By Suzanne Basra, Content & Internal Communications Manager at Ogilvy UK
Time. Whether you don’t have enough of it, or you’re not sure how to manage it, time is something that affects each and every one of us, within our working and personal lives, daily.
On the subject of time management and creative problem solving, Ogilvy’s CSO in the UK, Kevin Chesters, spoke about time at Ogilvy’s home on London’s Southbank earlier this week.
From daydreaming to fatigue, here are his hints and tips.
When fatigued, it’s easier to avoid completing tasks.

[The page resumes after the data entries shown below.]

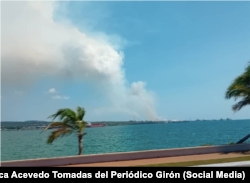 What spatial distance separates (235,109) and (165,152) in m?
9.38

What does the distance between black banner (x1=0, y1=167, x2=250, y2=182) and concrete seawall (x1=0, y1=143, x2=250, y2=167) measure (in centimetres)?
521

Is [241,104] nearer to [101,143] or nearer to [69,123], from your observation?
[69,123]

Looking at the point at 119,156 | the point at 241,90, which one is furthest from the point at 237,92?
the point at 119,156

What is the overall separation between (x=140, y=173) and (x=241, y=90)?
50.0 ft

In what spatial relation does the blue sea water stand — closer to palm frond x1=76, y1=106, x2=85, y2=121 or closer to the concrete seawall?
palm frond x1=76, y1=106, x2=85, y2=121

Yet Kev advises that this is in fact when you can see good results, because the brain is fatigued so goes into ‘default mode’ completing tasks more easily.
Daydreaming is good
“It’s good to let the mind wander” Kev believes.
He also advises not filling downtime with big or tricky tasks which will only keep the brain hard at work. Instead, read a trashy book or listen to an easy podcast.
Chunk your diary
Don’t sit stunned into inaction because you’re overwhelmed by big tasks. Kev advises to split the big things into chunks that last only a few hours. “If you chunk your diary up into 4-hour slots it becomes much more manageable”.
Just make a start
Kev advises against procrastination. “The brain gives a disproportionate amount of energy to incomplete tasks” says Kev, “which is why it's important to just start”.
If you don't have enough time for a task, instead of worrying about it just start the task! You might be surprised how much else will fall into place.
Ditch your phone
Just having your smartphone on you slows your brain down.
Even if it’s turned over or turned off, just having your phone in the same physical space that you occupy makes a difference to productivity and problem solving. When your phone is left in another room, people have shown 7% stronger problem solving abilities and 11% higher attention.
For Kev, when trying to creatively problem-solve, you should put your phone away.
Pick up a pen
Having a mental block? Starring at a computer screen? Grab a pen says Kev. “When you’re staring at a screen and nothing is happening in your head, it’s time to write stuff down” he advises.
Stop saying ‘busy’
Kev called for a ban on the word “busy”. Time pressure, he says, leads us to feel panicked and anxious.
But, if we take a leaf out of behavioural science and reframe time based anxiety as something different, for example if we reframe it as ‘excitement’, our reaction to it changes. Suddenly a morning of back to back meetings isn’t ‘busy’; it becomes a morning of exciting talks with people and clients.
“Don’t be so hard on yourself” says Kev. No one is perfect and it’s important not to beat yourself up about procrastinating or not getting things done as quickly as you would like. It’s ok.